Choosing a Tokenization Algorithm

Brot supports 5 tokenization algorithms. The three subword algorithms (BPE, WordPiece, Unigram) handle open vocabulary by splitting rare words into smaller pieces. Word-level and character-level are simpler alternatives.

BPE (Byte Pair Encoding)

BPE starts with individual characters and iteratively merges the most frequent adjacent pairs. The merge rules, learned during training, define how text is split. Used by GPT-2, GPT-3/4, RoBERTa, and LLaMA.

Constructor: Brot.bpe.
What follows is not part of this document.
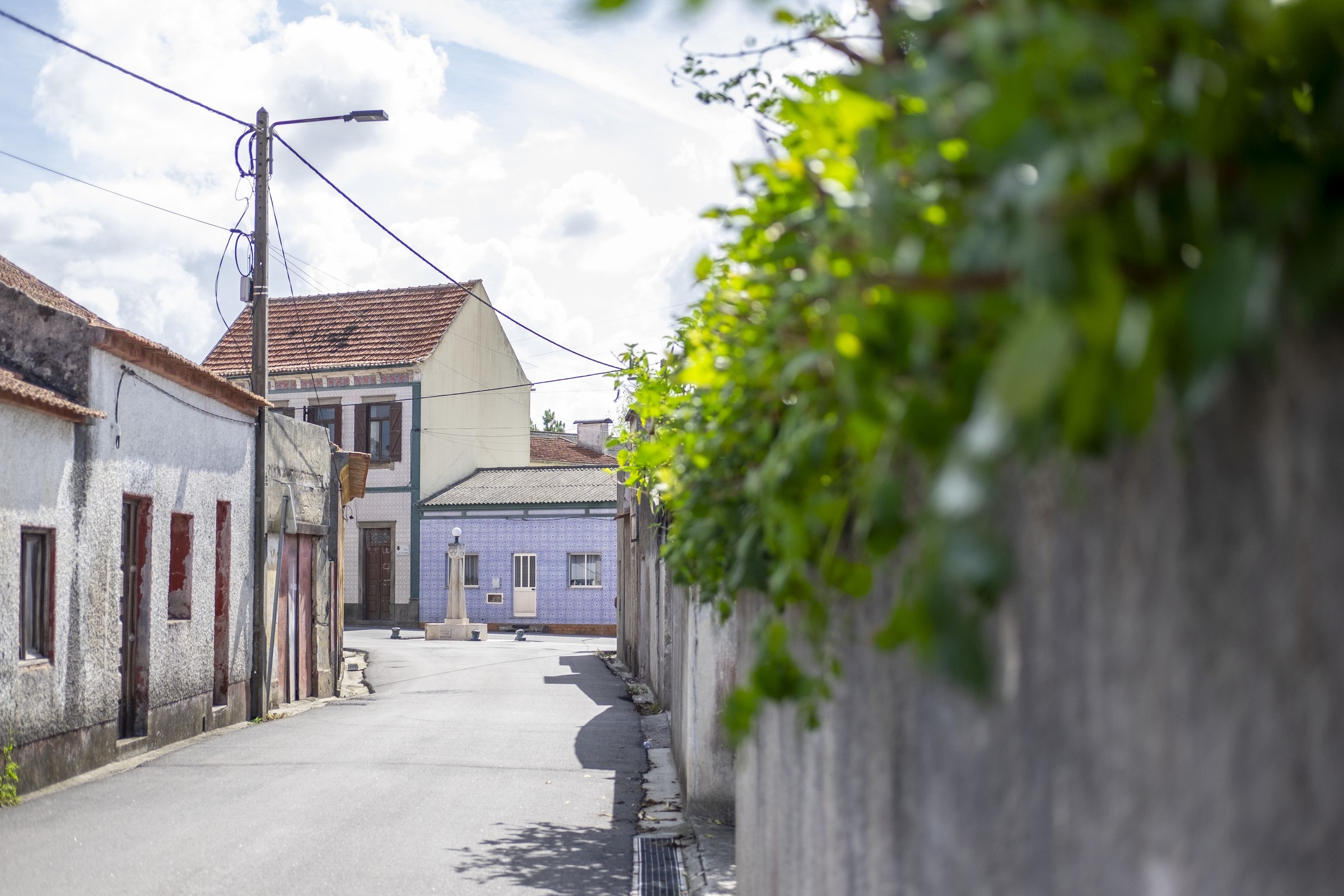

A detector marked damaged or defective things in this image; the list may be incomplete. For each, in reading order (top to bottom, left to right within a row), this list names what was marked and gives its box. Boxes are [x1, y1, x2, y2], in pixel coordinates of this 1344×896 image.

rusty corrugated roof [202, 282, 479, 376]
rusty corrugated roof [0, 365, 104, 421]
rusty corrugated roof [529, 430, 618, 466]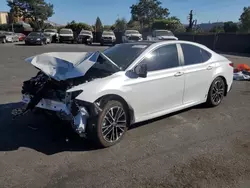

Trainer: Brot.train_bpe.

Key parameters:

  • vocab_size — target vocabulary size (default: 30000)
  • min_frequency — minimum pair frequency for merging (default: 0)
  • dropout — probability of skipping merges for data augmentation
  • byte_fallback — use <0x00> byte tokens instead of unknown token
  • continuing_subword_prefix — prefix for non-initial subwords
  • end_of_word_suffix — suffix marking word boundaries (e.g., </w>)
open Brot

let tokenizer =
  bpe
    ~vocab:
      [ ("h", 0); ("e", 1); ("l", 2); ("o", 3); (" ", 4); ("w", 5);
        ("r", 6); ("d", 7); ("he", 8); ("ll", 9); ("llo", 10);
        ("hello", 11); ("wo", 12); ("rl", 13); ("rld", 14); ("world", 15) ]
    ~merges:
      [ ("h", "e"); ("l", "l"); ("ll", "o"); ("he", "llo");
        ("w", "o"); ("r", "l"); ("rl", "d"); ("wo", "rld") ]
    ()

let enc = encode tokenizer "hello world"
let tokens = Encoding.tokens enc (* [| "hello"; " "; "world" |] *)

Training BPE:

open Brot

let tokenizer =
  train_bpe ~vocab_size:80 ~min_frequency:1 ~show_progress:false
    (`Seq (List.to_seq
       [ "The quick brown fox jumps over the lazy dog";
         "The dog barked at the brown fox";
         "Quick brown foxes are rare and beautiful" ]))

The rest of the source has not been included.